Please repeat exactly the lines below from the line with "We'll be using" to the line with "Hi, today we", including both, and leave out every picture.

Collection entries:
# # # # # # #

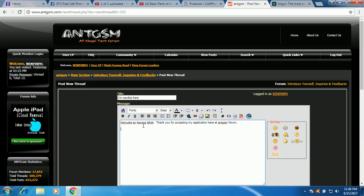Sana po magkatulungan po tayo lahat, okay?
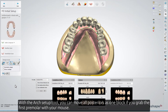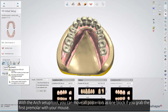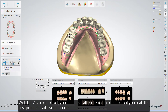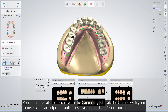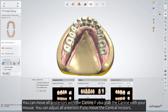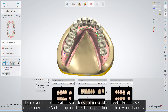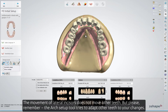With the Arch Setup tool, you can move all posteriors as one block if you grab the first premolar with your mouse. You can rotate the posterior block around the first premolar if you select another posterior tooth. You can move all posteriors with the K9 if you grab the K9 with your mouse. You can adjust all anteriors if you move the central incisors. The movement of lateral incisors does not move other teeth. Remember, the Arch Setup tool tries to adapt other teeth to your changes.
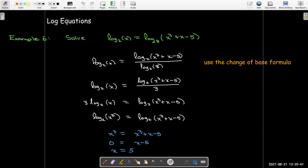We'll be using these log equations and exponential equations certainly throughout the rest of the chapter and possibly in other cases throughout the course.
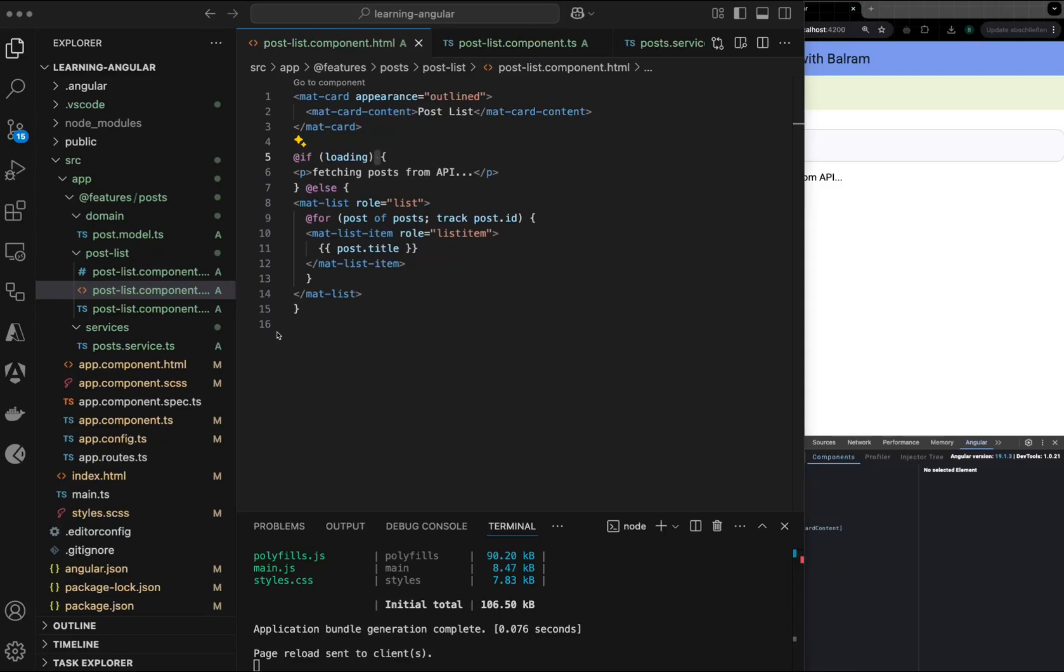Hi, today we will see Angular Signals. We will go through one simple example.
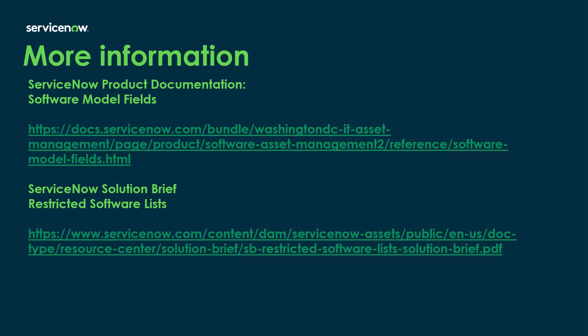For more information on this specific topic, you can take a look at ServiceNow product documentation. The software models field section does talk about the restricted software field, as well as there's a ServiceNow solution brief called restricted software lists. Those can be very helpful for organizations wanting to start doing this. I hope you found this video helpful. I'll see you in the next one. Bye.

# # # # # # #

### Written response
We'll be using these log equations and exponential equations certainly throughout the rest of the chapter and possibly in other cases throughout the course.
Hi, today we will see Angular Signals. We will go through one simple example.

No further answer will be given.